The Delaware or, as they call themselves, the Lenape, were the Native Americans who lived in and near what is now New York City and Philadelphia in the American north-east. They had lived there for at least a thousand years when the whites came and took their land away. George Washington once fought against them.
They called their country Lenapehoking. It lay along the Delaware and the lower Hudson rivers and the land in between, now called New Jersey. Two big American cities now stand there, New York on the Hudson and Philadelphia on the Delaware. In those days, though, it was a vast forest full of animals. About 24,000 Delawares lived there. Now a thousand times as many people do, almost none of them Delaware.
The Delaware lived off of the deer and bear and elk and grew maize, beans and squash and gathered strawberries. They lived in long houses.
When the whites came they brought things that the Delaware did not know how to make but grew to want, like metal pots and knives, guns, whisky and even glass beads.
It was for things like these that they sold Manhattan and other pieces of their land. But they did not have a Western idea of private property: you could no more sell the land than you could sell the air.
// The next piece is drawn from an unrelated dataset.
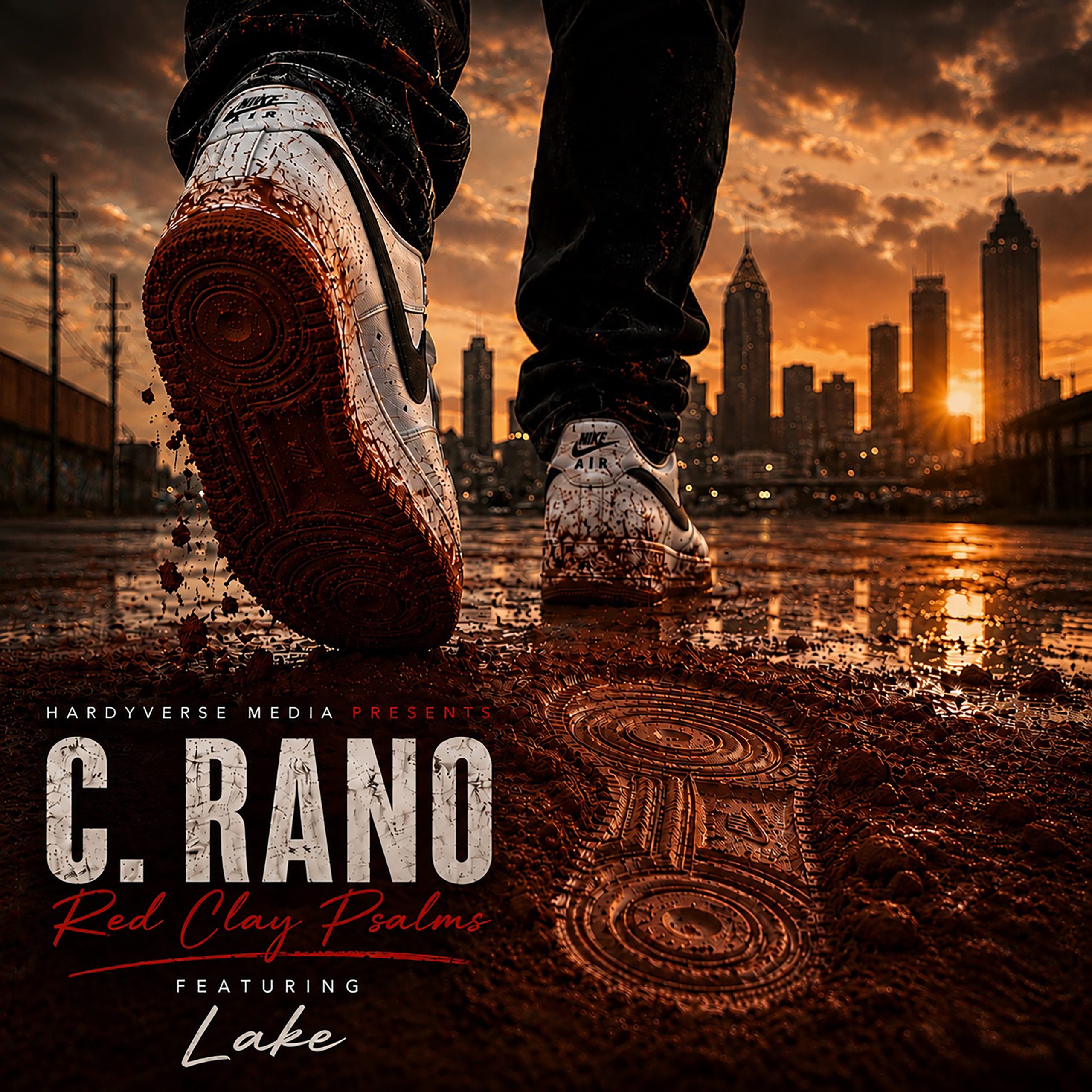 C. Rano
All that you could sell was the right to use it.
The whites also brought with them terrible diseases that the Delawares had little defence against, like smallpox, cholera and measles. Many died.
They knew how to fight in the woods better than most white men did, and they even had guns. But one thing they did not have were numbers. More and more whites kept coming over the seas every year. And whatever land whites could not get by sale or the small print of a contract, they took by force.
An excuse to fight the Delaware could always be found. Once it was because one of them took a peach. Small things like that grew into years of war. Even those who had taken on Western ways were killed. Even those who had become peaceful Moravian Christians were killed. Even women and children were killed. It did not matter.
And so the Delaware, those who had lived through the white diseases and the white wars, were pushed west bit by bit - through Pennsylvania in the 1600s and 1700s, Ohio, Indiana and Kansas in the 1800s and so on till most of them came to Oklahoma by the 1860s, though some by then were in Wisconsin and Ontario. By 1990 there were about 13,000 left. Unlike other Native Americans, few married blacks.
Their language is still heard in prayers at funerals, prayers that few understand any more. It is also still heard in the names of places in their long lost homeland, names like Parsippany, Minisink, Massapequa, Hackensack, Raritan, the Poconos, Rockaway, Canarsie, Jamaica (in Queens) and Manhattan.